Well, we received some great news today in the midst of all the bad that has been going on. In fact, I almost feel guilty for such great news (and for being so excited!). But, I'm trying to accept it as a blessing.
Robert found out today that he is being promoted here at camp to Director of Maintenance/New Construction. He will be doing new construction, challenge course development and maintenance, building maintenance, boat repair and maintenance, etc. Basically, he will be doing things that he's already been doing, but without the outdoor ed part included. These are all things that he's very gifted in, and he really enjoys. I'm just really excited that he will be doing a position in which he's very good at and feels very comfortable doing. It is a huge blessing. God has made it clear that this is where we are supposed to be and stay.
Another perk to him having that position is that we were offered one of the other houses here at camp (the biggest house on camp!), so we will be moving soon (1-1 1/2 weeks)! We are in complete shock about that. We always thought it would be cool to live in that house, but we never really thought it would happen. It is a 3 bedroom with an office (so basically a 4 bedroom) and 3 bathrooms (one being really small, but that's okay!). It has a HUGE living room/dining room area, fire place, huge bedrooms, a nice kitchen (with very functional counter space and nice sized pantry... and all appliances), huge laundry room (with a little sewing room attached), 2 car attached garage, large extra storage building, huge covered deck, huge yard, over-looks the lake, etc. The master bedroom is huge with an amazing bathroom (with a jacuzzi tub!). The closet is like a whole other room. It has built in drawers. Tons of them. The tile in the bathroom is gorgeous. It is browns and blues. We aren't going to have enough furniture to fill this house :). I guess that's an okay problem to have! We will just leave it open for now! The kids will have plenty of space to run around.

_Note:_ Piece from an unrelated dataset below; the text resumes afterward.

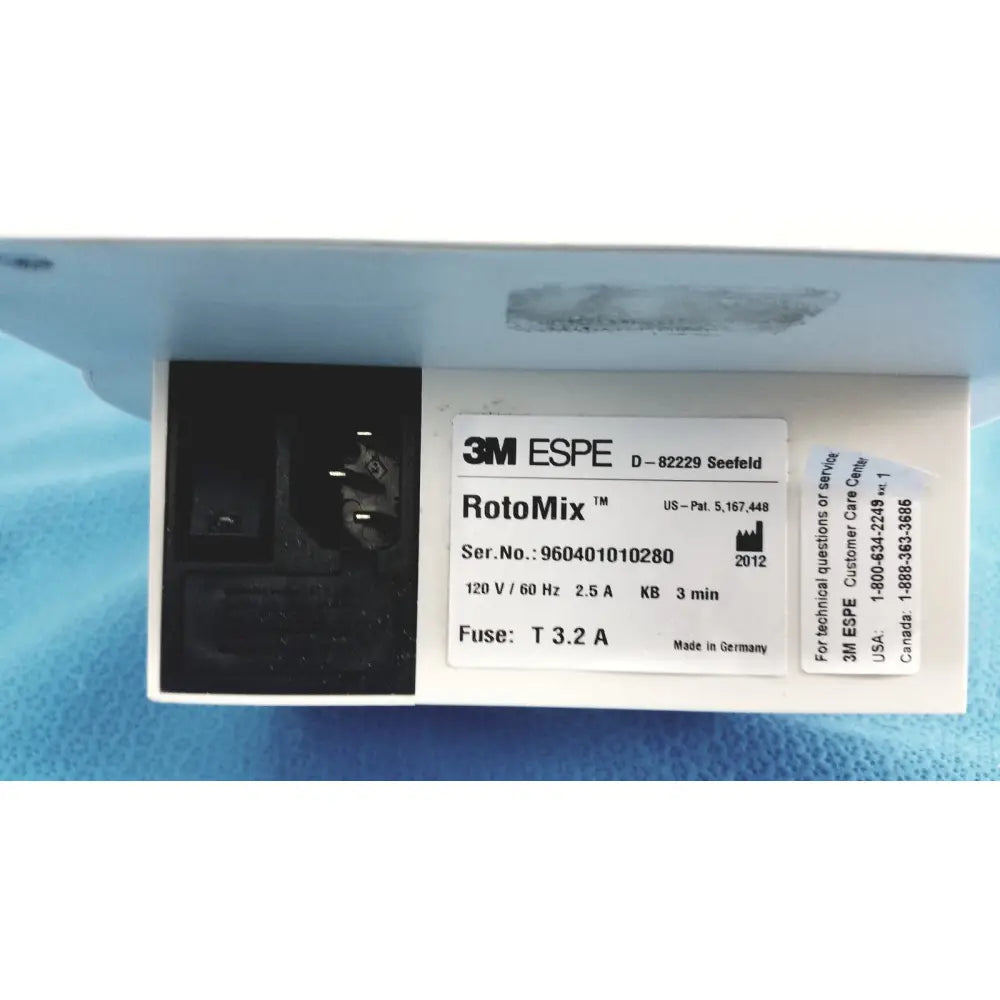 White plastic 3m espe rotomix capsule mixing unit 120v with black electrical connector and serial number label visible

In fact, we may even have room for one more one day ;). It will definitely have so much functional space to homeschool in :).
Karis' room has its' own bathroom and her own doors to the deck on the back (it used to be the master). We'll have to watch her :). I'm not worried about her though. I think it will be something to enjoy as she gets older. With two younger brothers, she's definitely going to enjoy her own space.
The boys' room has two huge closets with built in drawers. We plan to put Levi in the "office" until he sleeps through the night (well, after he moves out of our room). Then, when the boys get a little older, we'll put them together. They are so close in age that I think they will enjoy being together in a room. And, the room is big enough that it won't be an issue.
This house is so much more than I could have ever imagined living in... ever. That's why this is still a huge shock! I don't feel like we deserve it, but I'll take it. Once I get past the shock and the guilty feelings, I will really enjoy it. I have a lot of work ahead of me! I will probably get started packing tomorrow. Our goal will be to try to move in before Christmas because we're having our huge family Christmas at our house this year (grandparents, aunts, uncles, cousins, etc). It's great timing!! Even if we can't get in there completely, we want to at least host Christmas in that house. We can worry about the little things afterward.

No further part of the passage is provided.